# Here Is My Grandfarthers Watch



## river rat (Nov 14, 2008)

This is my granddads pocket watch it was given to him on his 21st birthday and then my dad gave it to me I saw a few post of other's showing there granddad's watches so I thought I would post mine I like the Elk on the back of the hunter case.


----------



## Mikrolisk (Jan 23, 2008)

Wow, a really fine watch, made in finest quality (you can see that on the engraved patented regulator wheel).

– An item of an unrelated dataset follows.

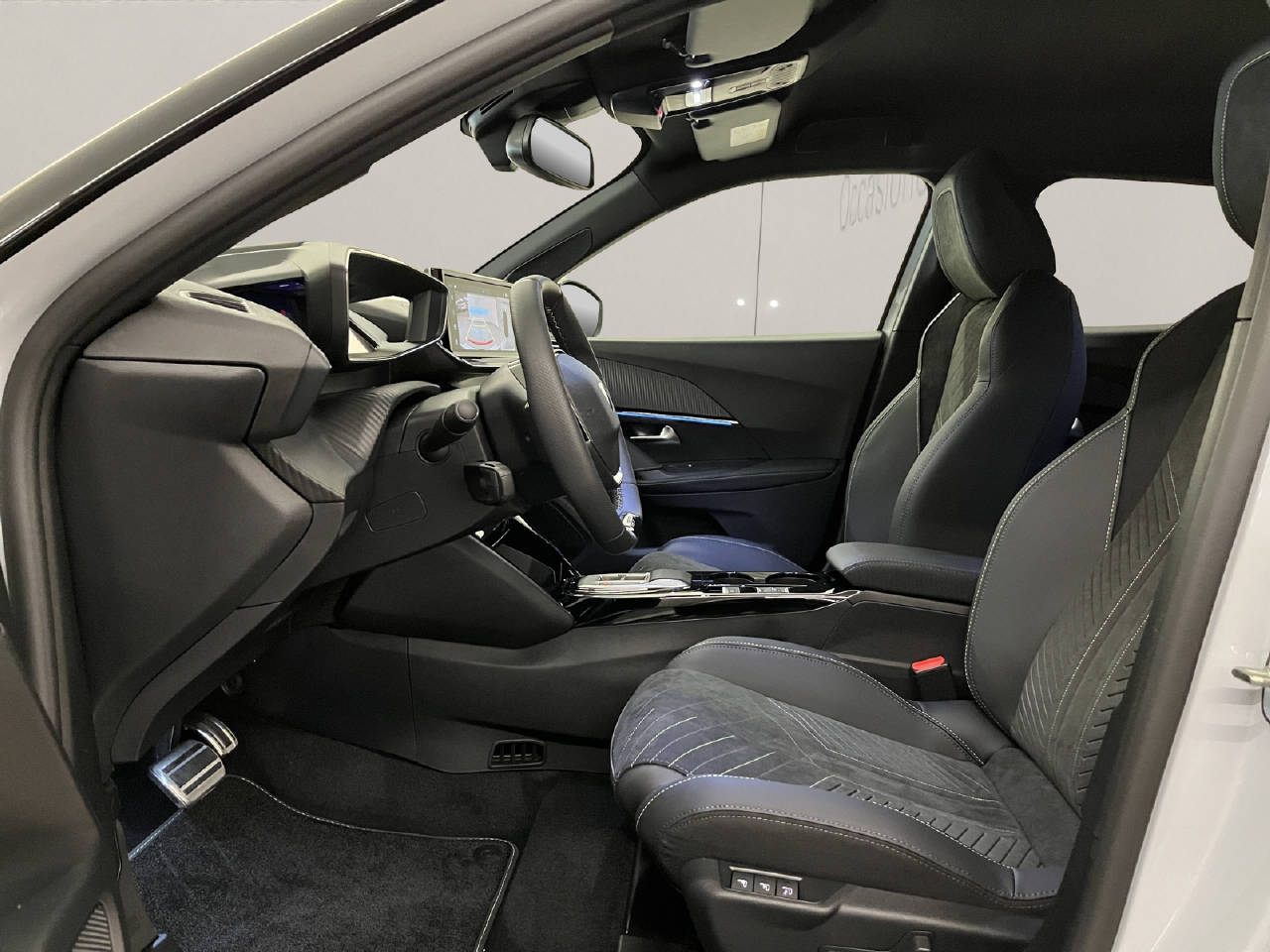 PEUGEOT 2008 1.2 Hybrid 145 GT-image-4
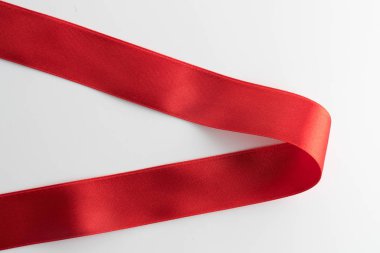 beyaz izole kırmızı yay kurdele saten doku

When you tell us the serial number on the movement (quite unreadable), I / we can tell you much more.

Andreas


----------



## river rat (Nov 14, 2008)

Here is the info I found Waltham A.W.W. Co model 1908,16 size,17 jewel,pendent set,serial no 17995676 made in 1910 ,hunter case


----------



## Hemlock (Aug 20, 2007)

That is so gorgeous, you lucky man.


----------



## Griff (Feb 23, 2003)

A real treasure is that


----------



## Mikrolisk (Jan 23, 2008)

Hmm... something is wrong with the regulator... actually the (patented) star wheel should be connected to the regulator hand.

Andreas


----------



## river rat (Nov 14, 2008)

Your right Andreas I never notice that before the whole regulator has been changed I have a couple of watch that have it and looked at a few books some time through the years the regulator was replaced.


----------